For 1979, I’m deviating a little from the usual format of this project. I try to read everything in the original editions to get a sense of how roleplaying games developed over the years.
However, Goodman Games has published a book called Into the Borderlands which collects two classic D&D adventures from 1979, In Search of the Unknown and The Keep on the Borderlands. The book updates the adventures for the 5th edition of D&D but also contains reprints of the original versions. Not once but twice for each, because there were different printings and they had minor differences.
Because of this, the book was a strange read: it had three versions of both adventures (two reprints and the 5th edition conversion) plus some extra encounters, mini adventures and so on.
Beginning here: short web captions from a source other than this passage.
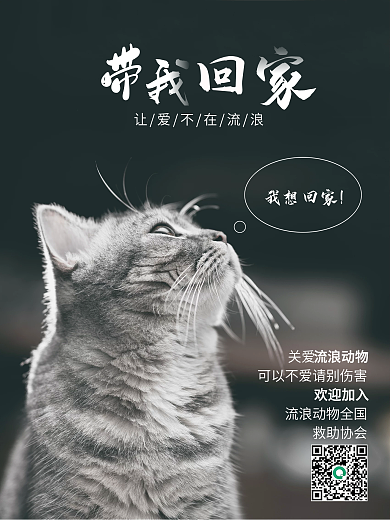宠物摄影图公益海报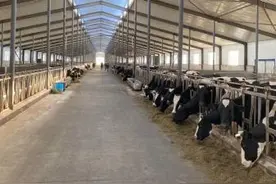 牛牛牛！这个养牛大镇真牛图片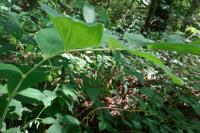 Polygonatum odoratum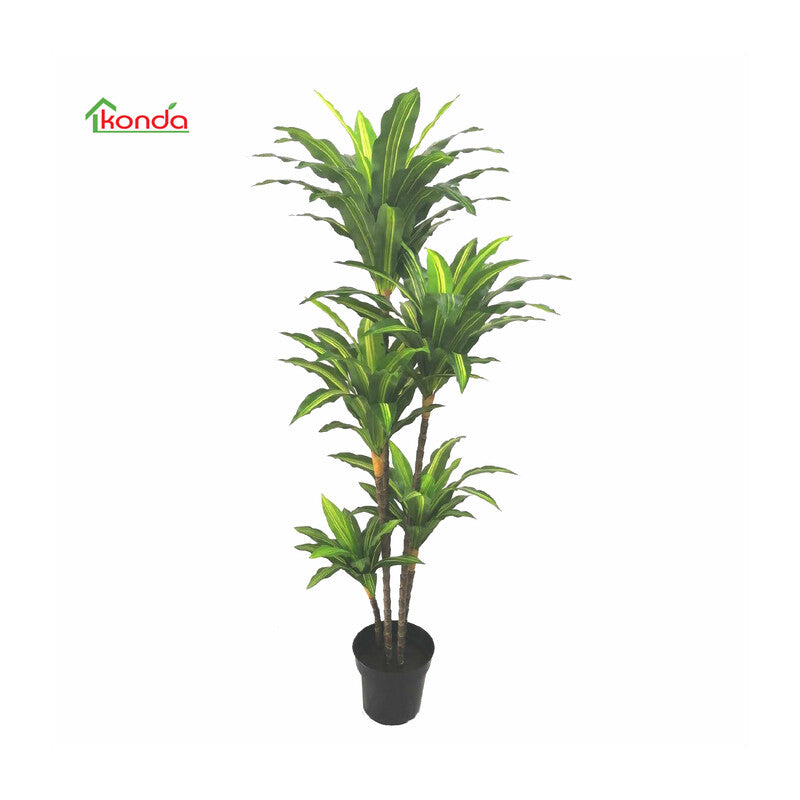 Q.TA' 2 C PIANTA DRACENA ARTIFICIALE 170 CM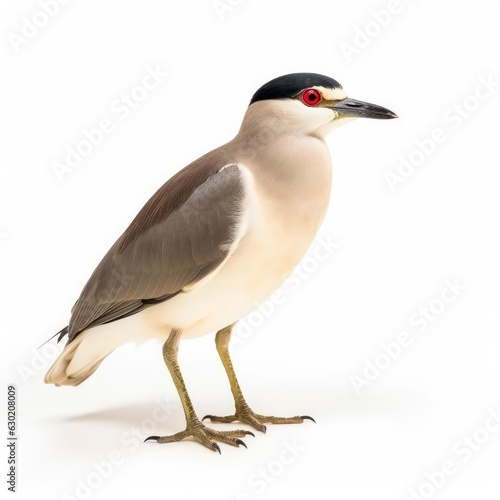 Black-crowned night-heron bird isolated on white. Generative AI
The two adventures have been placed in the same world, with the dungeon from In Search of the Unknown included in the map of The Keep on the Borderlands. There are also some new story connections between the two adventures.
These two adventures, In Search of the Unknown and The Keep on the Borderlands, have a classic status for a couple different reasons. They are some of the earliest ever published for D&D and they showcase simple, foundational design ideas. Most importantly, at various times both were the default adventure you got when you bought the basic D&D boxed set. This means that for a generation of players, these were the first adventures they tried.
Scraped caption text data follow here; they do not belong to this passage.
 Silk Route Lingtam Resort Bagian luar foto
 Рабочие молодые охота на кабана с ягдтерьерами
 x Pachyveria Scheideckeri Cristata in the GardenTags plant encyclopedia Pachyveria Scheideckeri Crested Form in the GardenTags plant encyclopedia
This also makes the adventures obvious candidates for reissue. Lots of people have nostalgic memories about them. However, when D&D landed in Finland, there were not the adventures we had available in translation, so I chose to read them now because people refer to them so often in game design discussions. I figured I better know what people talk about!
In Search of the Unknown is a pretty basic dungeon, filled with traps. It has a simple backstory involving two adventurers who built a dungeon as a base for themselves and then died.
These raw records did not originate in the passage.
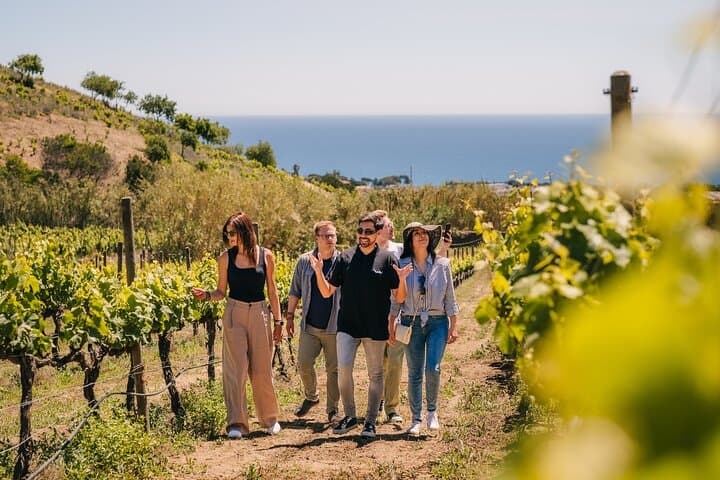 Barcelona Sailing Adventure and Small Group Winery Tasting Tour
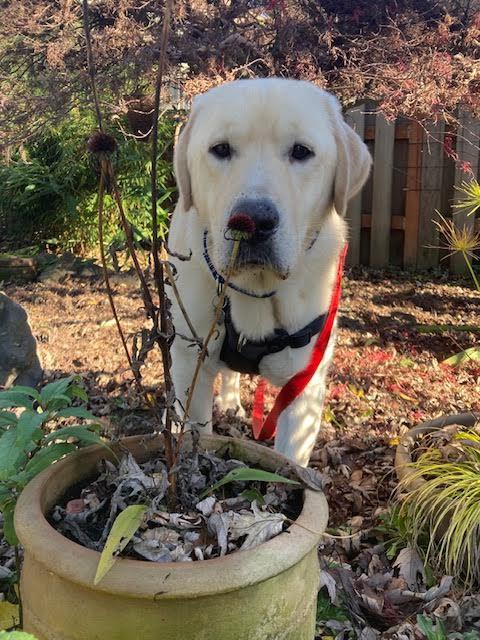 Enlarge Elton, a Adoptable mixed breed in Bend, OR image 1/3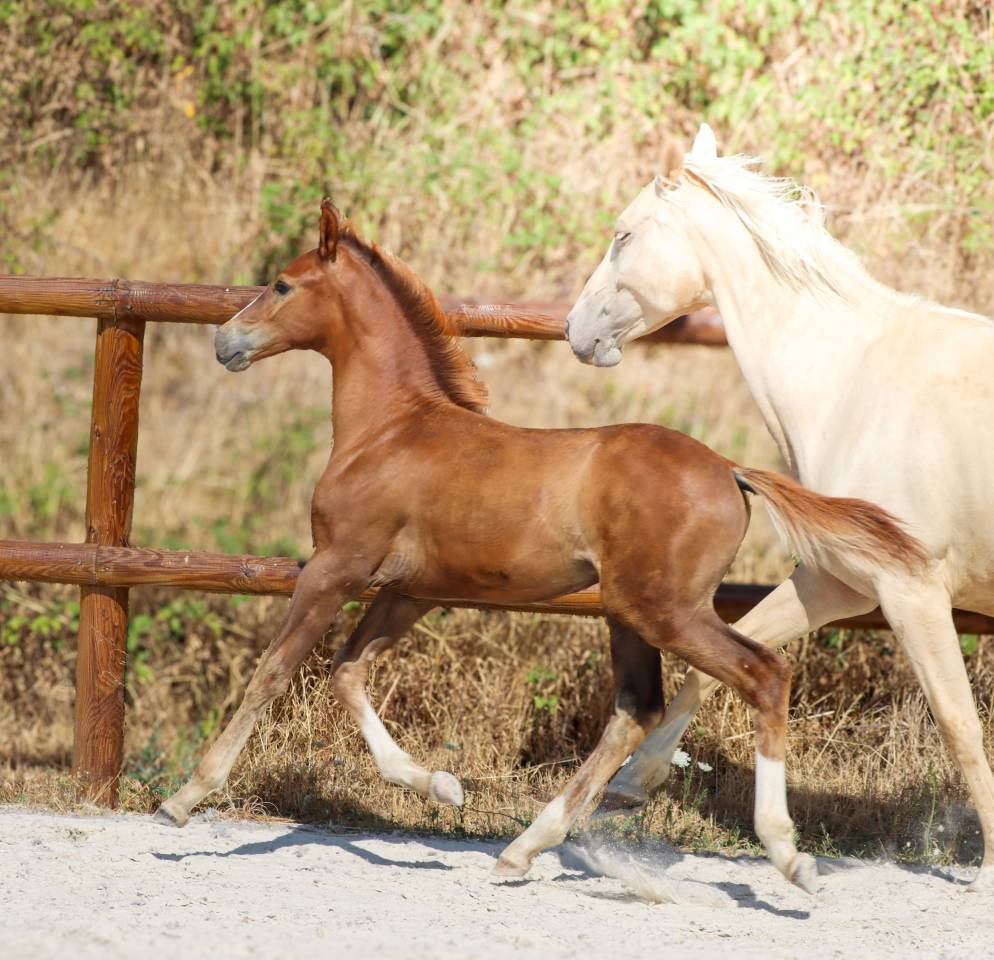 Potro KWPN Caballo de Deporte Neerland&eacute;s En venta 2026 Alaz&aacute;n tostado por Fifty fifty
The detail that everybody always notes about this adventure is that it’s rooms have descriptions but placement of monsters and treasure is left to the DM. The adventure is explicitly a teaching tool, meant to help starting Dungeon Masters learn their craft.
However, what struck me were the traps. Trap design is an art with a lot of development and effort through the history of roleplaying game design, after all.
One trap consist of two identical rooms. Once the characters enter one, they’re teleported to the other without realizing. This way, once they continue their adventure, their mapping is confused.
This is of course connected to the idea that the players draw the map at the gaming table as the DM describes the rooms and corridors of the dungeon.
Another trap consists of a series of magical pools. The characters can drink from each, and they have various interesting effects. This creates chaos, and that can be fun. It’s a simple expression of a dungeon feature that’s designed not so much to damage the characters or cause hardship but rather just to introduce an element of chance.
The Keep on the Borderlands is a campaign setting in miniature. It has a town (the titular Keep) where characters can buy stuff, rest and talk to people. It has a small wilderness area with encounters and finally a dungeon, The Caves of Chaos. If we’re using the 5th edition conversion, it also has the dungeon of In Search of the Unknown.
In its basic setup, The Keep on the Borderlands is classic D&D in a pure form. You’re a bunch of adventurers who come from civilization. Your job is to go to a cave where people of the wrong race live, exterminate them and take their stuff.
Nowadays this basic setup gets prettified with more justifications for why the adventurers do what they do. Perhaps the goblins ambushed travelers, as in the 5e adventure Lost Mine of Phandelver.
Looking closer at the design of The Caves of Chaos, it’s interesting that it stresses the idea of a dungeon ecosystem. How do all the creatures who live in the dungeon interact? This time, there are descriptions of how the different tribes of gnolls or orcs think about the others, and what do they do in times of crisis. (Such as when adventurers roll in.)